In both adults and children, lead poisoning decreases performance of the nervous system. At high levels of exposure, lead can severely damage the brain and kidneys and ultimately cause death. For pregnant women, lead may cause miscarriage. Lead is also especially dangerous for children under six years old, as exposure can reduce IQ, cause learning disabilities, and create behavioral problems.

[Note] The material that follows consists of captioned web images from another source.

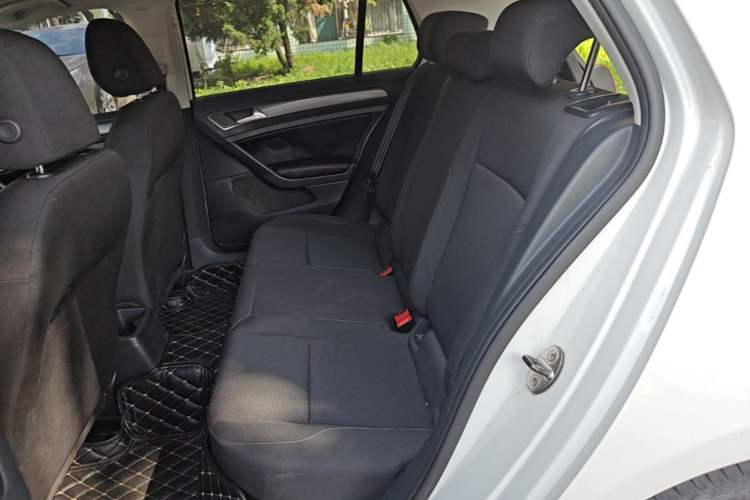 Used Volkswagen Golf 2014 1.6L Manual Fashion Edition Left Rear Seat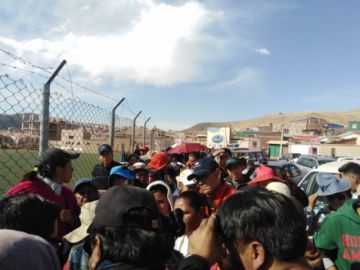 Mucha gente acudió al coliseo de Las Delicias creyendo que venderían puestos. 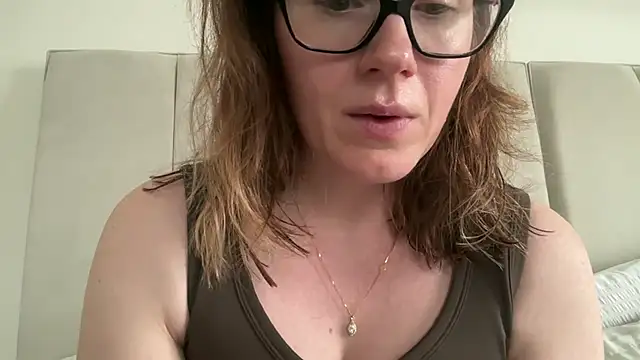 redheadrosie69 (F milf) - butt plug in tight asshole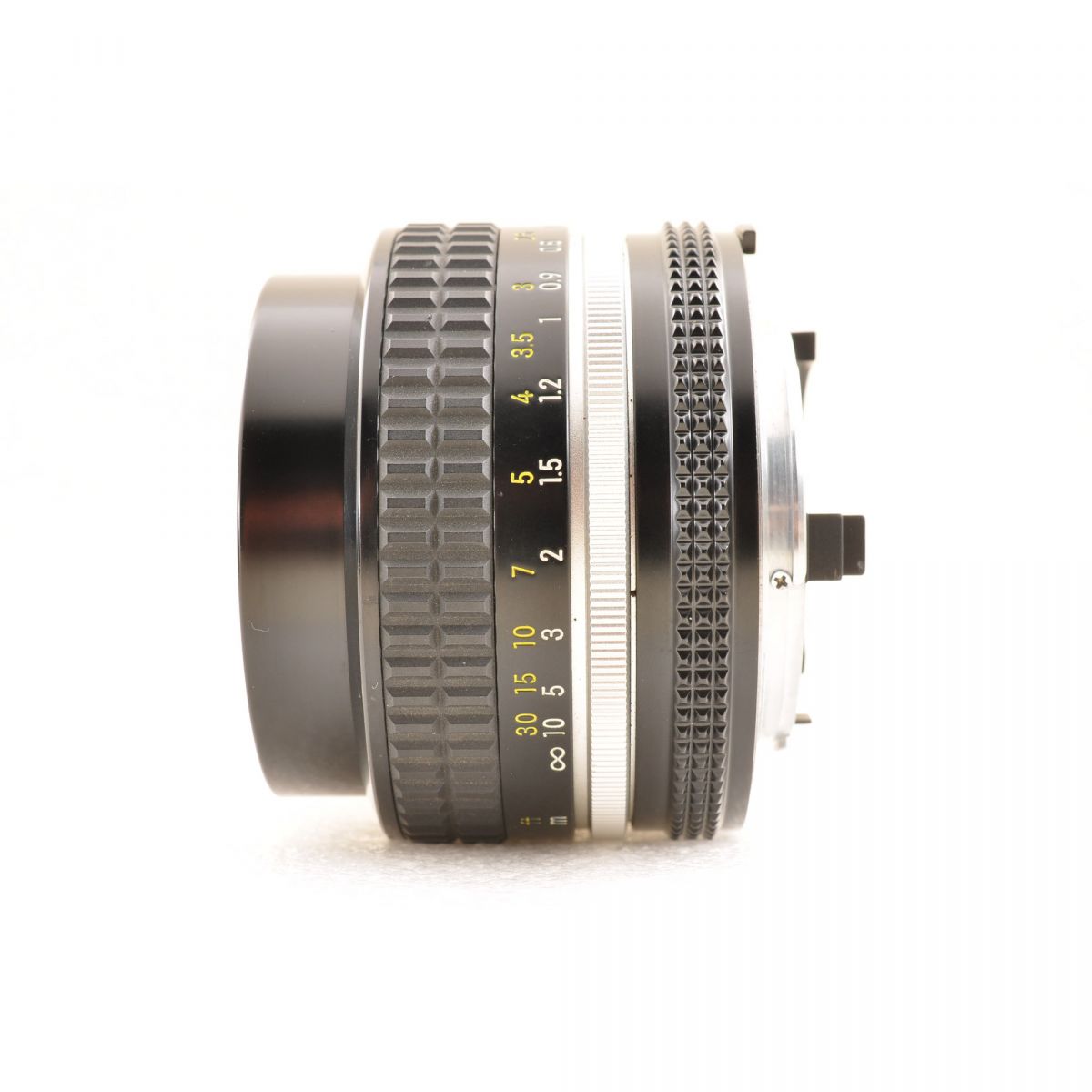 【中古】Nikon FM ブラック フィルムカメラ Ai NIKKOR 50mm f/1.4 レンズセット ニコン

Fortunately, lead poisoning is preventable. Federal law requires that certification is required for all firms (or sole proprietorships) that provide renovation, repair, and painting services which disturbs lead based paint in housing and facilities built prior to 1978 and where children are routinely present. EPA works in cooperation with states, tribes, and territories to ensure firms are certified and use lead-safe work practicesIn October 2017, EPA’s Office of Enforcement and Compliance Assurance announced more than 100 federal enforcement actions of EPA’s lead based paint regulations completed over the last year that held renovation contractors, landlords, and property managers accountable for protecting communities from exposure to lead. Additionally, EPA uses its program funding to clean up lead contaminated waste sites to minimize exposure in surrounding areas.       

We thank you in advance for your careful consideration and hope you will  ensure that keeping our communities safe from lead continues to be a priority of the federal government by funding these critical EPA programs.